■ Exercise brief:
Leave out the pictures and repeat exactly the lines from the one containing "Vintage looking Carnaby Street sign" through the end of the records.
■ ■ ■ ■
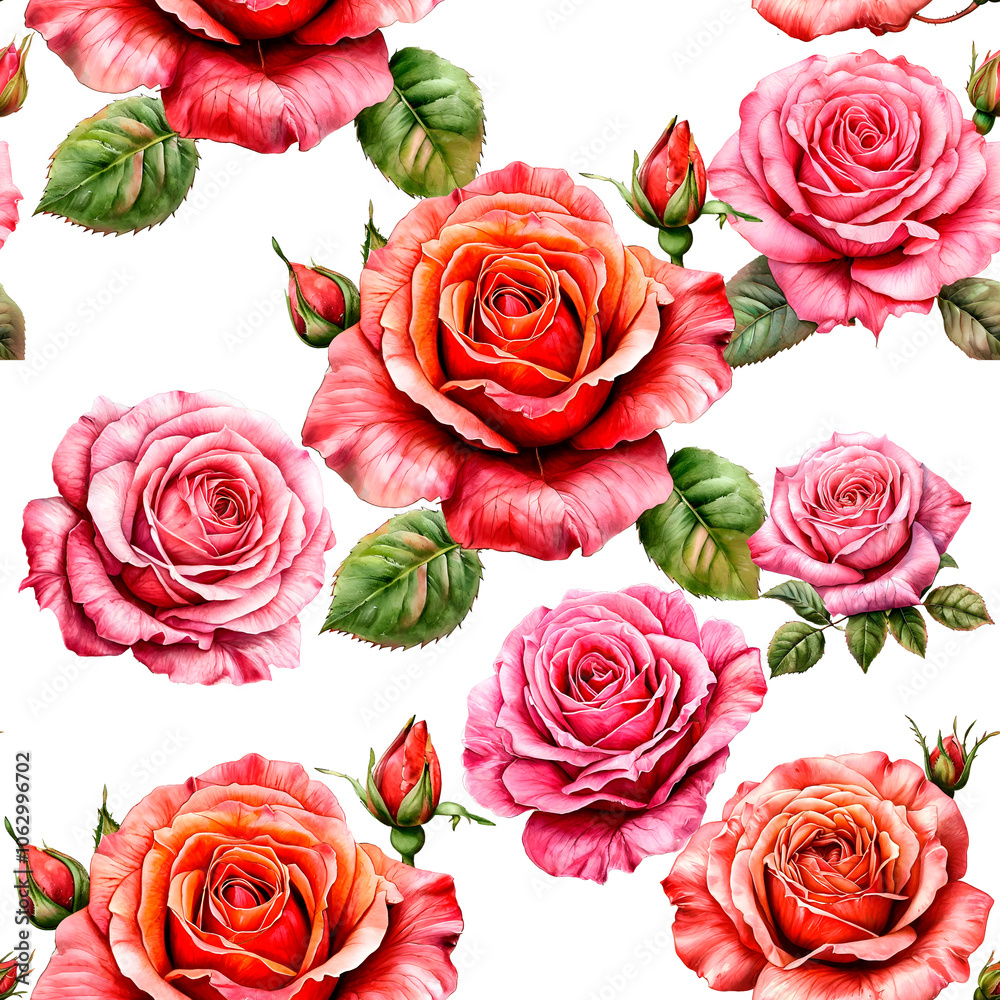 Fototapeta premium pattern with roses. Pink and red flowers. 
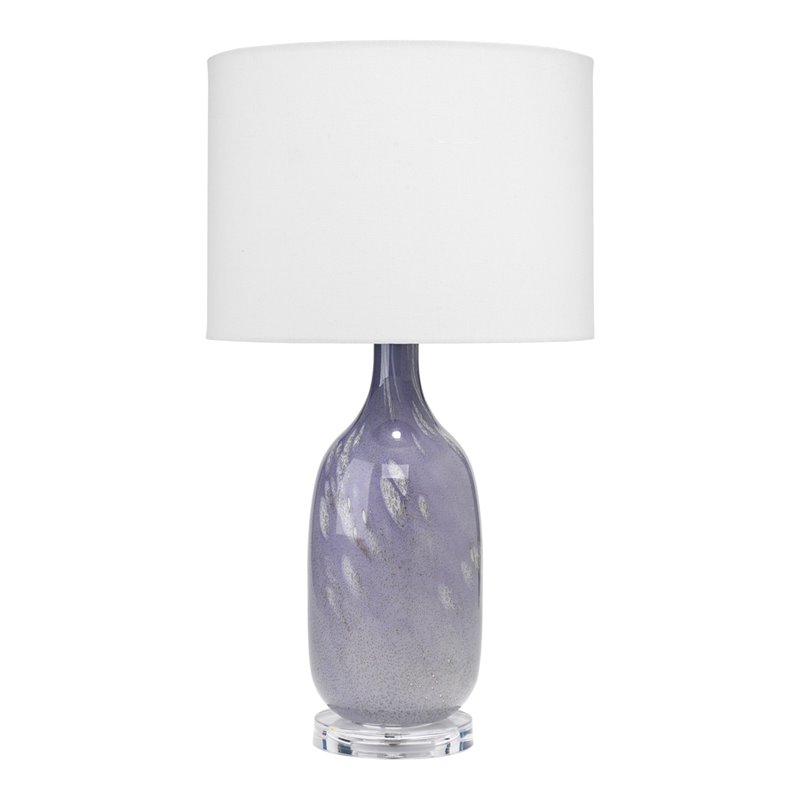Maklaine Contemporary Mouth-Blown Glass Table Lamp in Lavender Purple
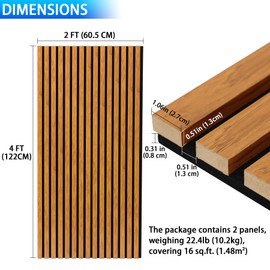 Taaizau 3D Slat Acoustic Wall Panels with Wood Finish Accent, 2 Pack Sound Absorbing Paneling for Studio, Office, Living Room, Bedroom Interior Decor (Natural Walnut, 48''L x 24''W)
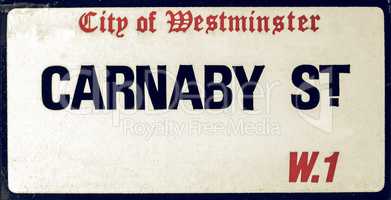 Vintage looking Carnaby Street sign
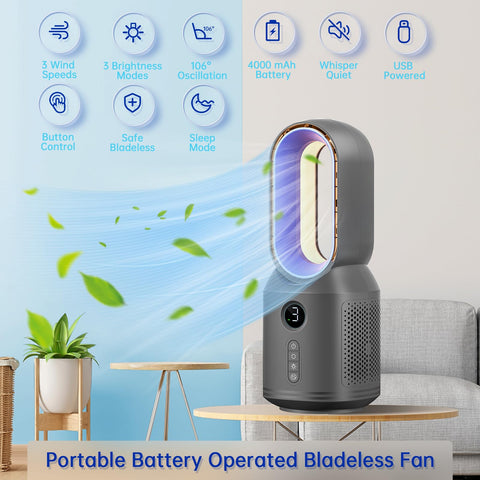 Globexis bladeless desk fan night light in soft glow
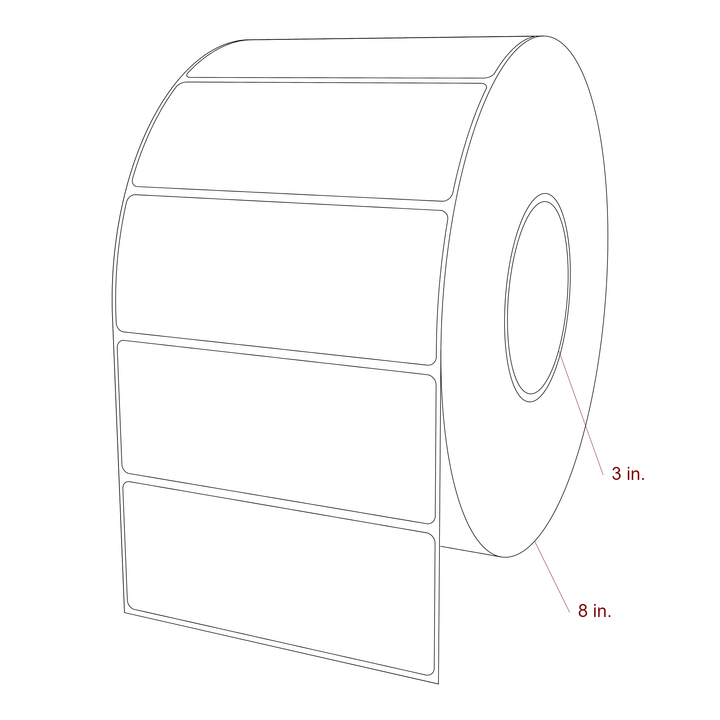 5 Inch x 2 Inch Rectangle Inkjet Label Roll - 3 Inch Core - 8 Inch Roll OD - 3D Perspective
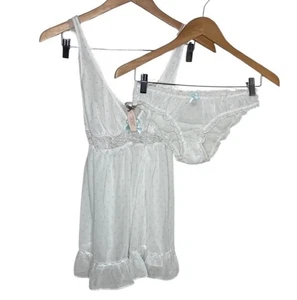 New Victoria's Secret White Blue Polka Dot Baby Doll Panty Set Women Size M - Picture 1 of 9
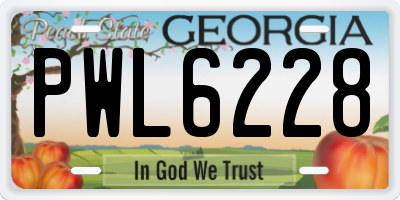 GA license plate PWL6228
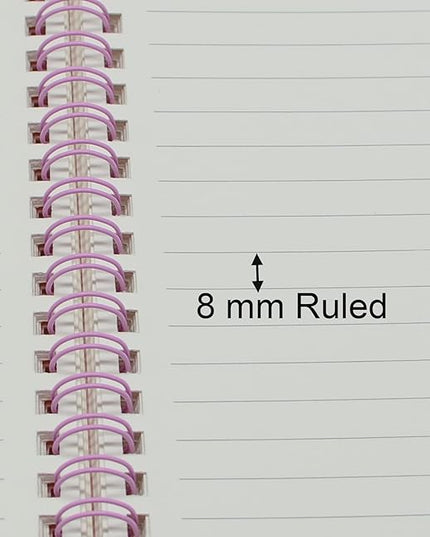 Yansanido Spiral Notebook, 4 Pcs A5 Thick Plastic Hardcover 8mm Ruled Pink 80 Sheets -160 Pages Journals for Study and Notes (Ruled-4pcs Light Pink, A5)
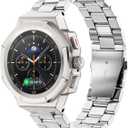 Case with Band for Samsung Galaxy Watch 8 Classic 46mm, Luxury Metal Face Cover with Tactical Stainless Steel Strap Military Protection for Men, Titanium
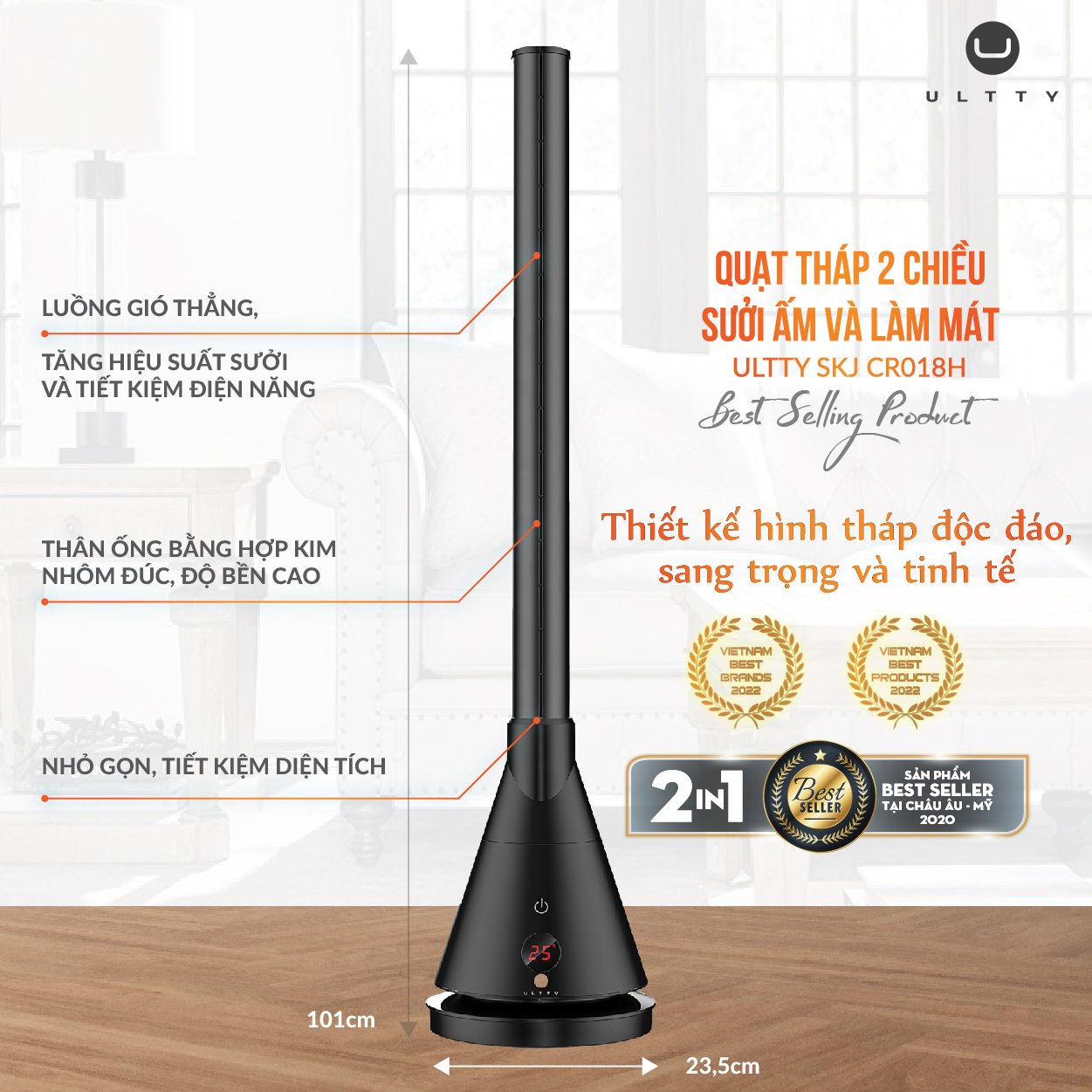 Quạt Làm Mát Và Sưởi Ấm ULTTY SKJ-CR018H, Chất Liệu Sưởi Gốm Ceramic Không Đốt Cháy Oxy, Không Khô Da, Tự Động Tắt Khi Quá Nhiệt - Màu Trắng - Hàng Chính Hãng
■ ■ ■ ■
■ Exercise output:
 Vintage looking Carnaby Street sign
 Globexis bladeless desk fan night light in soft glow
 5 Inch x 2 Inch Rectangle Inkjet Label Roll - 3 Inch Core - 8 Inch Roll OD - 3D Perspective
 New Victoria's Secret White Blue Polka Dot Baby Doll Panty Set Women Size M - Picture 1 of 9
 GA license plate PWL6228
 Yansanido Spiral Notebook, 4 Pcs A5 Thick Plastic Hardcover 8mm Ruled Pink 80 Sheets -160 Pages Journals for Study and Notes (Ruled-4pcs Light Pink, A5)
 Case with Band for Samsung Galaxy Watch 8 Classic 46mm, Luxury Metal Face Cover with Tactical Stainless Steel Strap Military Protection for Men, Titanium
 Quạt Làm Mát Và Sưởi Ấm ULTTY SKJ-CR018H, Chất Liệu Sưởi Gốm Ceramic Không Đốt Cháy Oxy, Không Khô Da, Tự Động Tắt Khi Quá Nhiệt - Màu Trắng - Hàng Chính Hãng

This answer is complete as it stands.